Face à cette interdiction, la coalition gouvernementale n’a pas réussi à s’entendre sur les économies à réaliser, ce qui a précipité sa chute.
Depuis une dizaine d’années, un consensus se dessine en Allemagne pour remettre en question la Schuldenbremse. Mais comme cette règle est inscrite dans la Constitution, la modifier nécessite une majorité des deux tiers au Bundestag. Or, dans un paysage politique de plus en plus fragmenté, une tell majorité est difficile à obtenir.
Même la CDU, qui devrait reprendre le pouvoir, évoque désormais la nécessité de changer cette règle. Toutefois, les divisions politiques rendent improbable un changement rapide, ce qui risque de prolonger la crise.
L’Allemagne semble se détourner de la France pour se rapprocher de la Pologne. Peut-on parler d’un basculement stratégique en Europe ?
Le « couple franco-allemand » est une idée largement dépassée dans l’Europe à 27. Emmanuel Macron a autant échoué en Europe qu’il a échoué en France. Son approche « bonapartiste » – vouloir imposer ses idées sans être capable de construire des coalitions – ne fonctionne pas plus dans l’UE qu’en France. De plus sa politique budgétaire irresponsable a complètement démonétisé sa parole. Résultat, la France a beaucoup perdu en influence en Europe.
L’Allemagne, de son côté, commence à vouloir rompre avec l’austérité et à envisager une politique industrielle plus forte. Mais elle le fait avec une approche très souverainiste : les investissement supplémentaires doivent viser avant tout à renforcerm ses propres industries, sans réel souci de coopération européenne.

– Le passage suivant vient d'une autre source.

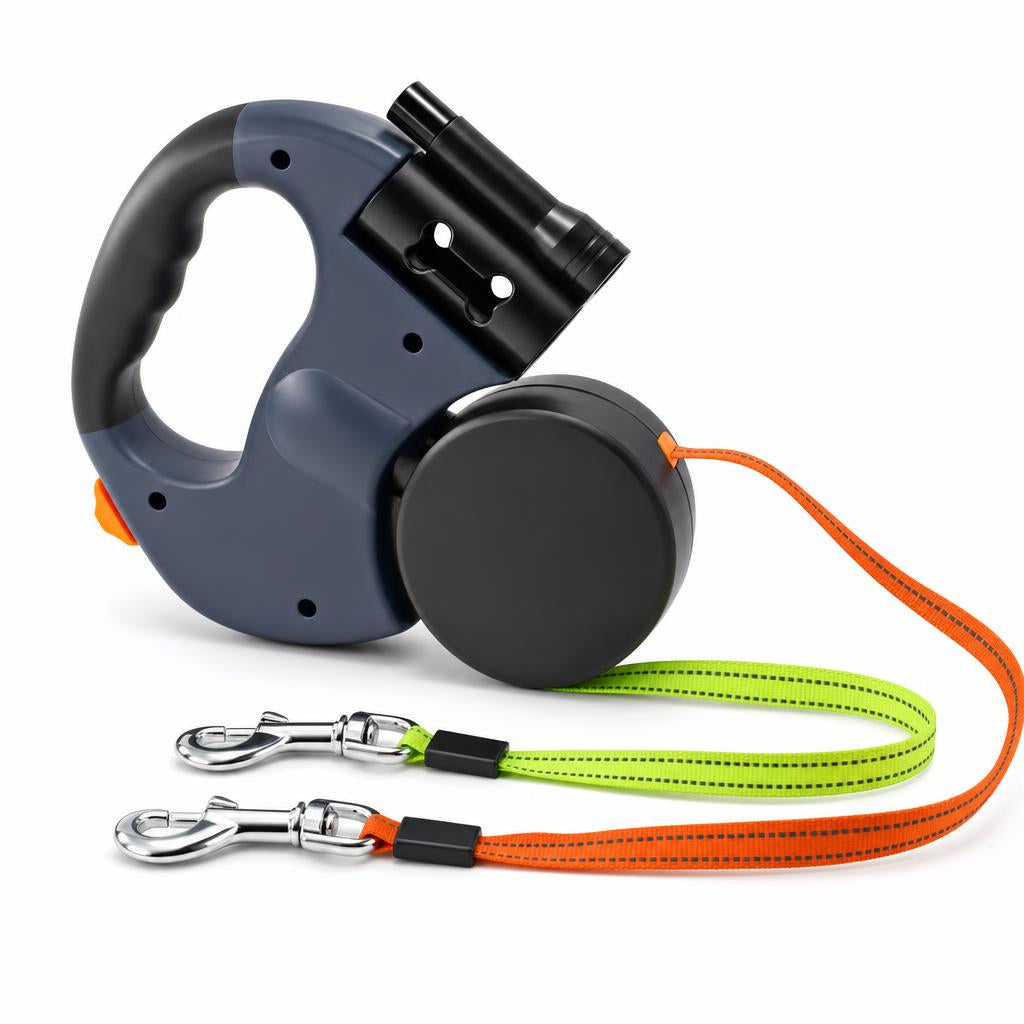 TwinPaw™ - Correa Doble Retractil Para Perros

La montée en puissance de la Pologne notamment dans le domaine de la défense est impressionnante en effet. C’est un facteur clé pour l’avenir de l’Europe. Avec Donald Trump et le rapprochement entre les États-Unis et la Russie contre l’Europe, la Pologne et d’autres pays de l’Est, jusqu’ici très atlantistes et hostiles à toute idée d’autonomie stratégique de l’Union vont désormais devenir moteurs pour pousser à une intégration européenne renforcée. La Pologne pourrait reprendre en effet le leadership européen que la France a perdu avec Emmanuel Macron.